Order and Scale of the Transformation Matrix #93

Open JeremyCJM opened 2 years ago

JeremyCJM commented 2 years ago

Hi Yudong,

Thanks for the amazing work! I noticed that in the process_data.py file, you have the following manipulation of rotation and transformation matrix:

    trans = params_dict['trans'] / 10.0
    valid_num = euler_angle.shape[0]
    train_val_split = int(valid_num*10/11)
    train_ids = torch.arange(0, train_val_split)
    val_ids = torch.arange(train_val_split, valid_num)
    rot = euler2rot(euler_angle)
    rot_inv = rot.permute(0, 2, 1)
    trans_inv = -torch.bmm(rot_inv, trans.unsqueeze(2))
    pose = torch.eye(4, dtype=torch.float32)

I am wondering why you

  1. downscale the translation vector by 10 trans = params_dict['trans'] / 10.0,
  2. apply permutation on rotation matrix rot_inv = rot.permute(0, 2, 1),
  3. rotate the translation vector trans_inv = -torch.bmm(rot_inv, trans.unsqueeze(2)),
  4. flip the sign of translation vector trans_inv = -torch.bmm(rot_inv, trans.unsqueeze(2))
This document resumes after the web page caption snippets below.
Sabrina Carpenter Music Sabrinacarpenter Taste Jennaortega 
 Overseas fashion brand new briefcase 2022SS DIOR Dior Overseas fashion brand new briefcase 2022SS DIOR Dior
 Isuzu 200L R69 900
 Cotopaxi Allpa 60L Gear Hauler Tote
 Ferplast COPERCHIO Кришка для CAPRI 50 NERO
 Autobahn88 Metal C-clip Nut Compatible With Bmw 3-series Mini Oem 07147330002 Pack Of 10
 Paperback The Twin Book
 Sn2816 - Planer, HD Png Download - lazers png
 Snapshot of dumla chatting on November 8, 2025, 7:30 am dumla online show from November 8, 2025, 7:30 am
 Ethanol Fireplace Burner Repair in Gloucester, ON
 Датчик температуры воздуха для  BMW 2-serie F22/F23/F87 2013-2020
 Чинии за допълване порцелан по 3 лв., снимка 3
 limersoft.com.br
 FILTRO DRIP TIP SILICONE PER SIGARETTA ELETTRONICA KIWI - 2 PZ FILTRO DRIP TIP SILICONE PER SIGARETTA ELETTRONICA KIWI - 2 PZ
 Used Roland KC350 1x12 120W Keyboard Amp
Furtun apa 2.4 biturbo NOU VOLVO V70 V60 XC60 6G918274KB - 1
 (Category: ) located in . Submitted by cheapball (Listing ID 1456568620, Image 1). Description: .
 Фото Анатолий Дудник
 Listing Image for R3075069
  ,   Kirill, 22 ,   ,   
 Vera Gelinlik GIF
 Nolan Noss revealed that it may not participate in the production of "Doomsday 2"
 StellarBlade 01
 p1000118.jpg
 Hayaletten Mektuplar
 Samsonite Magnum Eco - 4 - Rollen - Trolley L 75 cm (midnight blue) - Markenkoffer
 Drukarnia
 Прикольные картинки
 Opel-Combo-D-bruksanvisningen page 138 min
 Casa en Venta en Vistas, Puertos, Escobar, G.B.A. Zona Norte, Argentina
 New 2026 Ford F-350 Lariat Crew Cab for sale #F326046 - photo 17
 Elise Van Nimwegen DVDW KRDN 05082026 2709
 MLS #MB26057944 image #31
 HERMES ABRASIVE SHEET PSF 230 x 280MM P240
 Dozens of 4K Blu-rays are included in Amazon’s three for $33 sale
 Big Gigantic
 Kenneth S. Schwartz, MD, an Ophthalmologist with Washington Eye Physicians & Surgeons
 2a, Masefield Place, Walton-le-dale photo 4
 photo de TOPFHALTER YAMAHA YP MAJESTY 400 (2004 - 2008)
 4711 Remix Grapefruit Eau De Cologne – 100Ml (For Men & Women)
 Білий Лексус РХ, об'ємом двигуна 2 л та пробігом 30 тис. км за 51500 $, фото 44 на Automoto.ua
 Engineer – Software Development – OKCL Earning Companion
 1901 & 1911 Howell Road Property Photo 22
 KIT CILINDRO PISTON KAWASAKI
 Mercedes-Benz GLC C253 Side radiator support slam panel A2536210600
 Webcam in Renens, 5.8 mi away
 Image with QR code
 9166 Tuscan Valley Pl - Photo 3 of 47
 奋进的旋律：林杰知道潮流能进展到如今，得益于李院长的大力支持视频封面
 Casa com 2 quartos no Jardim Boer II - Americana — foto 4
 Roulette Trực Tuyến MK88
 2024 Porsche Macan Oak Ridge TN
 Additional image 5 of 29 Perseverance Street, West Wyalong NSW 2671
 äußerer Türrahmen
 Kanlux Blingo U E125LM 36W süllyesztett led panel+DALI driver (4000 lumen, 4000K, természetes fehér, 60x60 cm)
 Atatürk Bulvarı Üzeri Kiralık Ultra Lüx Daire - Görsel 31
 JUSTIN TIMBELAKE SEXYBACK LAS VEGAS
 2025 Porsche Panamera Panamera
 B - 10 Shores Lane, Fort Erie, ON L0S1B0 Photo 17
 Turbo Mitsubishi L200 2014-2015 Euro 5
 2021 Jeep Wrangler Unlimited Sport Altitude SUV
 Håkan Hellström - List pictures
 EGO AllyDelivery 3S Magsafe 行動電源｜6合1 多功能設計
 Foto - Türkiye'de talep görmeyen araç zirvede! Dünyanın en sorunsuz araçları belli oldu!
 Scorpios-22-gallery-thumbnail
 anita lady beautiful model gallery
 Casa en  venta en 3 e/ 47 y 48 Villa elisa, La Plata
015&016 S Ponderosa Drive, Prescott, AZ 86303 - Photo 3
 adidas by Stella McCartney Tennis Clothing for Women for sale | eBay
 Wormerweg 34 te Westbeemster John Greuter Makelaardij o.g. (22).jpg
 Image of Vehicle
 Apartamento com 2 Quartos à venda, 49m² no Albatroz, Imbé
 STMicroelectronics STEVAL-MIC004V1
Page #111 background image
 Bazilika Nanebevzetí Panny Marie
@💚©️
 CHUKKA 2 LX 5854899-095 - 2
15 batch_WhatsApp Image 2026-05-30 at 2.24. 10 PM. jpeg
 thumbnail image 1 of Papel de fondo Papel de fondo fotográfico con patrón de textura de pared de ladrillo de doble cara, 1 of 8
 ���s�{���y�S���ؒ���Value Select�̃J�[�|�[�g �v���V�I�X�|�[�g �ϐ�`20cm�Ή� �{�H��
Looking forward to hearing from you!

Thanks, Jeremy

YudongGuo commented 2 years ago

Hi,

  1. In the face tracking process, the camera space is measured in decimetre, and we convert it to meter by downscaling.
  2. The transformation matrix (rotation and translation) generated in tracking process is a 'canonical space to camera space' transformation. In NeRF, we need the 'camera space to canonical space' transformation, so we do inverse transformation (just 2-4).
JeremyCJM commented 2 years ago

Thanks a lot for your reply! For the first question, why do you want to convert the unit to meter? What is the unit in NeRF?